How to Tackle Automated Testing in Legacy Systems: Practical Tips & Refactoring

Automated testing provides strong safeguards for system changes and catches defects early, but legacy systems with little or no test coverage make it hard to introduce automation, often leading to postponed testing efforts.

This creates a snowball effect: as system complexity grows, changes become riskier and harder, while the scope of needed automated tests expands.

Automation Test Types

Understanding the different types of automated tests helps choose the right approach. The main categories are unit tests, integration tests, end‑to‑end (E2E) tests, and performance tests, each targeting different layers and goals.

End‑to‑End Testing

E2E tests simulate full user interactions, verifying that the entire software stack works together. They ensure overall functionality but are slower, less stable, and costly to maintain, especially for legacy code. This article does not focus further on E2E testing.

Unit Testing

Unit tests focus on the smallest functional units (e.g., functions or methods) to validate core business logic. They are easy to set up and help catch defects early, but excessive unit tests can increase maintenance time and CI latency. Legacy systems often lack modularity, making unit test introduction difficult.

Integration Testing

Integration tests verify that multiple components cooperate correctly, such as database‑server interactions or API calls. They catch issues that unit tests miss but run slower and are less stable. Implementing them in legacy code often requires extensive mocking due to poor documentation.

Performance Testing

Performance tests assess response time, stability, and resource consumption under load, helping identify bottlenecks before release. They are resource‑intensive and hard to reproduce production environments accurately, yet remain important for legacy systems undergoing integration or traffic spikes.

What Should We Test?

After deciding to adopt unit or integration testing, classify code into four categories to guide testing strategy:

Trivial Code : Simple getters/setters with minimal impact; usually no tests needed.

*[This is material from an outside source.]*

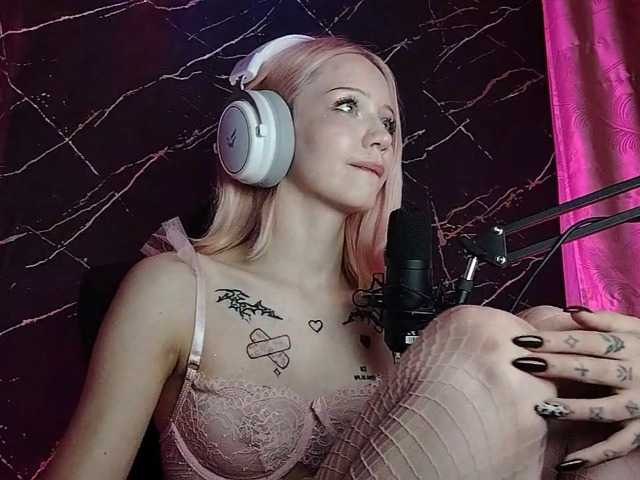 Molodaya live cam on BongaCams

Core Code : Business logic, data transformation, and decision‑making; priority for unit and integration tests.

Coordinator : Bridges between components (e.g., controllers); typically covered by integration tests.

Spaghetti Code : Large, tangled sections that mix many responsibilities; refactor before testing.

Refactoring

Refactoring reorganizes existing code without changing external behavior, aiming to simplify design, improve readability, and enhance testability. Splitting large functions into smaller, focused ones makes the code more modular.

Consider the following Java example before refactoring:

public class UserDataProcessor {
    public void processUserData(String name, int age, String address) {
        if (name == null || name.isEmpty()) {
            throw new IllegalArgumentException("Name cannot be empty");
        }
        if (age < 0 || age > 120) {
            throw new IllegalArgumentException("Invalid age");
        }
        if (address == null || address.isEmpty()) {
            throw new IllegalArgumentException("Address cannot be empty");
        }
        // Main processing logic
        // ...
        Logger.log("Processed data - Name: " + name + ", Age: " + age + ", Address: " + address);
    }
}

The method mixes validation, processing, and logging, making it hard to test. After refactoring:

public class UserDataProcessor {
    public void processUserData(String name, int age, String address) {
        validateUserData(name, age, address);
        processMainLogic(name, age, address);
        logProcessedData(name, age, address);
    }

    private void validateUserData(String name, int age, String address) {
        if (name == null || name.isEmpty()) {
            throw new IllegalArgumentException("Name cannot be empty");
        }
        if (age < 0 || age > 120) {
            throw new IllegalArgumentException("Invalid age");
        }
        if (address == null || address.isEmpty()) {
            throw new IllegalArgumentException("Address cannot be empty");
        }
    }

    private void processMainLogic(String name, int age, String address) {
        // Main processing logic
        // ...
    }

    private void logProcessedData(String name, int age, String address) {
        Logger.log("FunTester - Processed data - Name: " + name + ", Age: " + age + ", Address: " + address);
    }
}

Now processUserData acts as a coordinator, delegating to clearly defined sub‑functions that can be unit‑tested independently.

Refactoring Principles

Good refactoring follows established principles. SOLID principles are especially useful for improving testability and maintainability:

Single Responsibility Principle : Each class or module should have one reason to change.

Open‑Closed Principle : Software entities should be open for extension but closed for modification.

Liskov Substitution Principle : Subtypes must be substitutable for their base types without altering correctness.

Interface Segregation Principle : Interfaces should be small and specific to client needs.

Dependency Inversion Principle : High‑level modules should depend on abstractions, not concrete implementations.

Applying SOLID while refactoring legacy code helps create smaller, testable units and reduces technical debt, enabling gradual improvement of test coverage and code quality.